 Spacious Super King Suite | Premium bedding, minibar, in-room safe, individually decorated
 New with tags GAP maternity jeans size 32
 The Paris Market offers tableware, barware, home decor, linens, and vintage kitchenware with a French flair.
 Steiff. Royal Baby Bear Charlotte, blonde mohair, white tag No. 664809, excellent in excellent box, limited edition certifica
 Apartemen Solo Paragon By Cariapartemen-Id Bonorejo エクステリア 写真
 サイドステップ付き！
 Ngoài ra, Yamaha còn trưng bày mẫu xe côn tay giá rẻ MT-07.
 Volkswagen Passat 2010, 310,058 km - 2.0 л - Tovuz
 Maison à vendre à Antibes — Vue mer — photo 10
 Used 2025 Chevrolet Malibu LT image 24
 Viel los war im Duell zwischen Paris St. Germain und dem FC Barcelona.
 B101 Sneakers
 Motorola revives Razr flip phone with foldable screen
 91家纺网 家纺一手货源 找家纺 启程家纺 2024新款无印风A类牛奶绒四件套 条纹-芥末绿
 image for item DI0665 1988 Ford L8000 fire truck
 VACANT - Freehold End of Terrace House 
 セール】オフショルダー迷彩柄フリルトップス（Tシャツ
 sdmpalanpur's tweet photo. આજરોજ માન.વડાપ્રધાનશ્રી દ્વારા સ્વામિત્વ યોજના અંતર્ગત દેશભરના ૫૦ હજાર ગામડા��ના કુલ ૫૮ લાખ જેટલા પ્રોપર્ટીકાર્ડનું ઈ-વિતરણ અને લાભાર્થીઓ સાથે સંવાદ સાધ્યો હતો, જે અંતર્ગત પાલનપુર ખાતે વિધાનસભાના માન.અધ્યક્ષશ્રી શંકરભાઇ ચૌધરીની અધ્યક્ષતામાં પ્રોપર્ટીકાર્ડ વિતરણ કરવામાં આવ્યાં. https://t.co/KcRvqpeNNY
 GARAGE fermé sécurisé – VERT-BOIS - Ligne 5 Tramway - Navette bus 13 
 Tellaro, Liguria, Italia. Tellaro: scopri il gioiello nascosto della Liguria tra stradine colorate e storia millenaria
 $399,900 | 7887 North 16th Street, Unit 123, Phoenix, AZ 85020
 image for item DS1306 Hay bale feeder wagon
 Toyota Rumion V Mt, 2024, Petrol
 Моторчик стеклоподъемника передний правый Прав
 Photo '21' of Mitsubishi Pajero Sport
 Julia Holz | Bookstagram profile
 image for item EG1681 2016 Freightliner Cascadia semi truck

Task objective
All lines of the material that contain the word "Paris" should be listed.

Written answer
 The Paris Market offers tableware, barware, home decor, linens, and vintage kitchenware with a French flair.
 Viel los war im Duell zwischen Paris St. Germain und dem FC Barcelona.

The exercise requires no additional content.